BRIEF >> Leave the pictures out and restate every line below exactly.

DATA >>
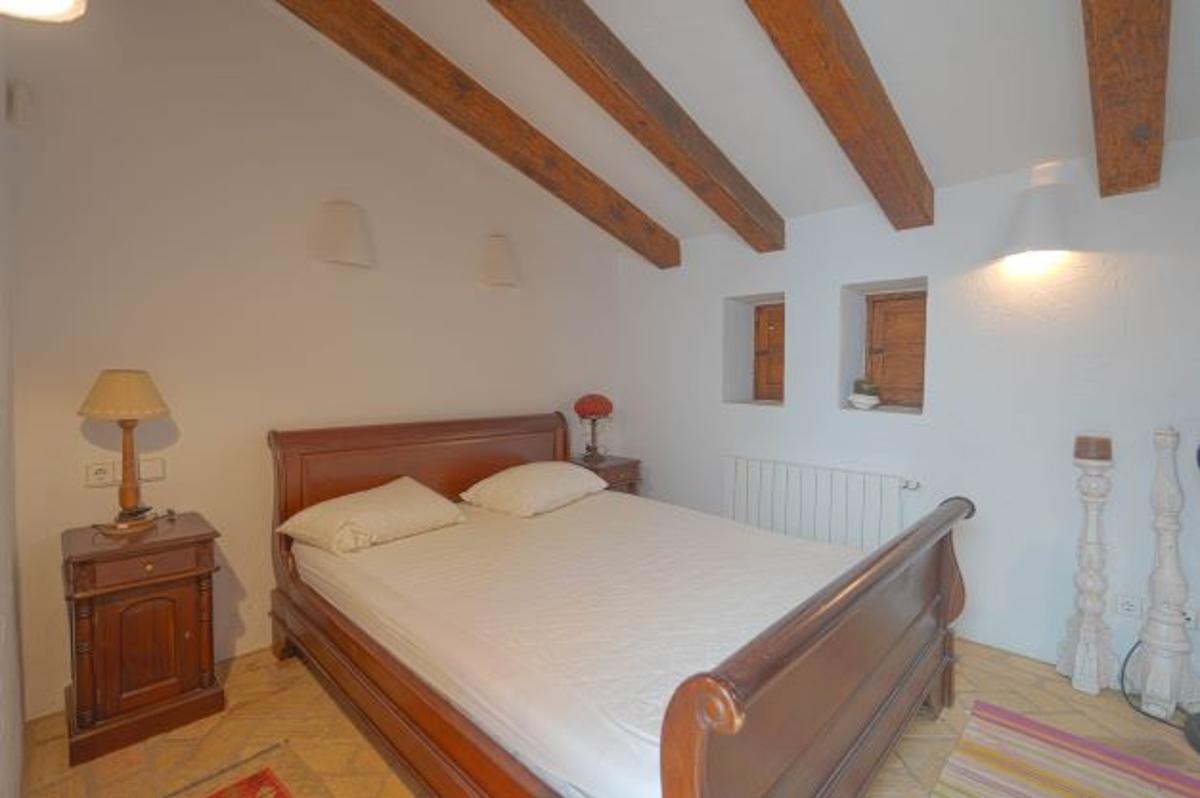 Вилла в Хавеа, Аликанте, Испания 6 спален, 460м2 №80702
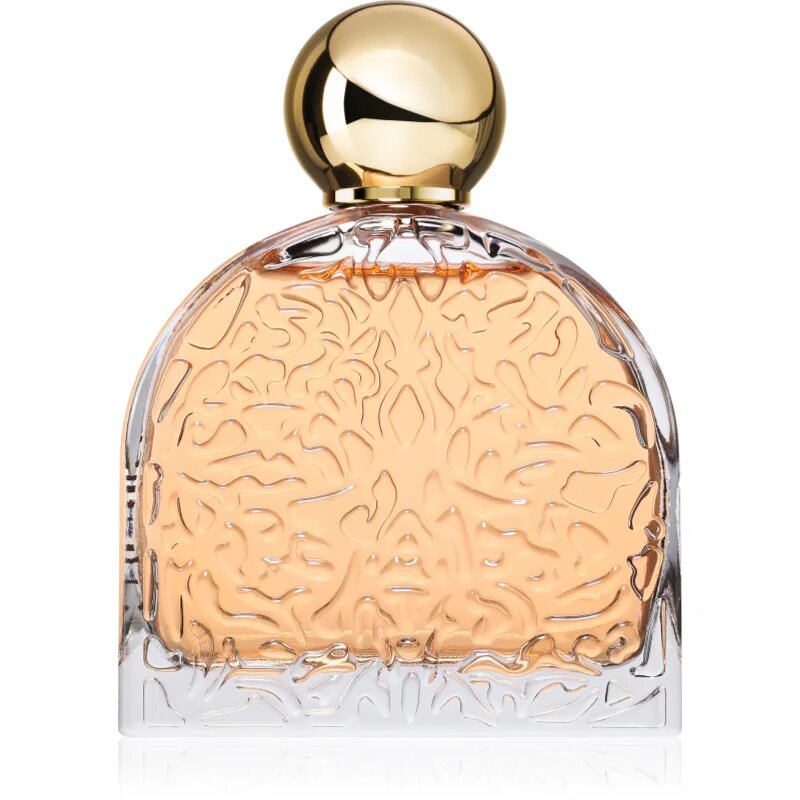 M. Micallef Ô Feminin Eau de Parfum hölgyeknek 100 ml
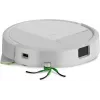 iRobot Roomba 115 Combo Saug- und Wischroboter – Weiß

RESULT OF THIS EXERCISE >>
 Вилла в Хавеа, Аликанте, Испания 6 спален, 460м2 №80702
 M. Micallef Ô Feminin Eau de Parfum hölgyeknek 100 ml
 iRobot Roomba 115 Combo Saug- und Wischroboter – Weiß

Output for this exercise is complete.